Yet at the same time, the government also exists to do a lot more than just promote security. Its most fundamental purpose is to protect our natural and inalienable liberties. Safeguarding individual rights and liberties is the bedrock of American Government. In the words of our Nation's founding document, the Declaration of Independence, it is ``to secure these rights [that] Governments are instituted among Men.''
In our quest for ever-greater security, we must be mindful not to sacrifice the very rights and liberties that make our safety valuable. As Benjamin Franklin put it, ``Those who would give up essential liberty to purchase a little temporary safety, deserve neither liberty nor safety.''
I worry that in seeking to achieve temporary safety, some of the authorities we have given the government under FISA may compromise essential rights and liberties. In particular, I am concerned about the government's ability, without a warrant, to search through FISA materials for communications involving individual American citizens. I worry that this authority is inconsistent with and diminishes the essential constitutional right each of us has ``to be secure ..... against unreasonable searches and seizures.''
We do not know the precise number of communications involving American citizens that the government collects, stores, and analyzes under section 702 of FISA. Whether this number is large or small, I believe we must enforce meaningful protections for circumstances when the government searches through its database of captured communications looking for information on individual American citizens; otherwise, by means of these so-called backdoor searches, the government may conduct significant warrantless surveillance of American persons. I believe this current practice is inconsistent with core fourth amendment privacy protections and needs to be reformed.

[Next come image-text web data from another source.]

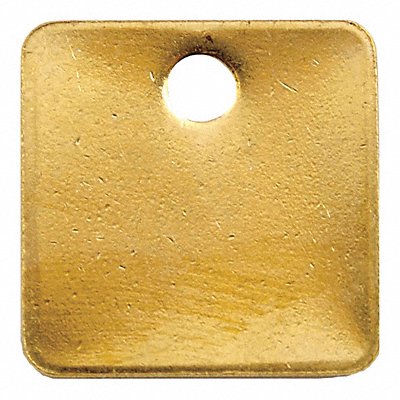 GRAINGER 41452 Blnk Tag Brass 1 1/2in H 1 1/2in W PK100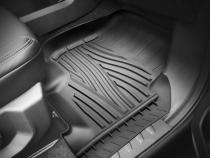 Contour Floor Mats Liners For 15-20 Ford F-150 Crew Cab Front and Rear Seat Liners - 3Pc Textured Black Tyger Auto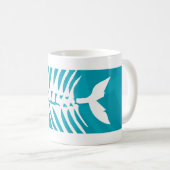 Fisch-Knochen-Skelett-Tasse Kaffeetasse (VorderseiteRechts)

During consideration of FISA in the Judiciary Committee, Senator Durbin and I offered a bipartisan amendment to address this very problem. The language of our amendment is identical to that offered by Senators Wyden and Udall during consideration of FISA by the Select Committee on Intelligence. The amendment clarifies that section 702 does not permit the government to search its database of FISA materials to identify communications of a particular U.S. person.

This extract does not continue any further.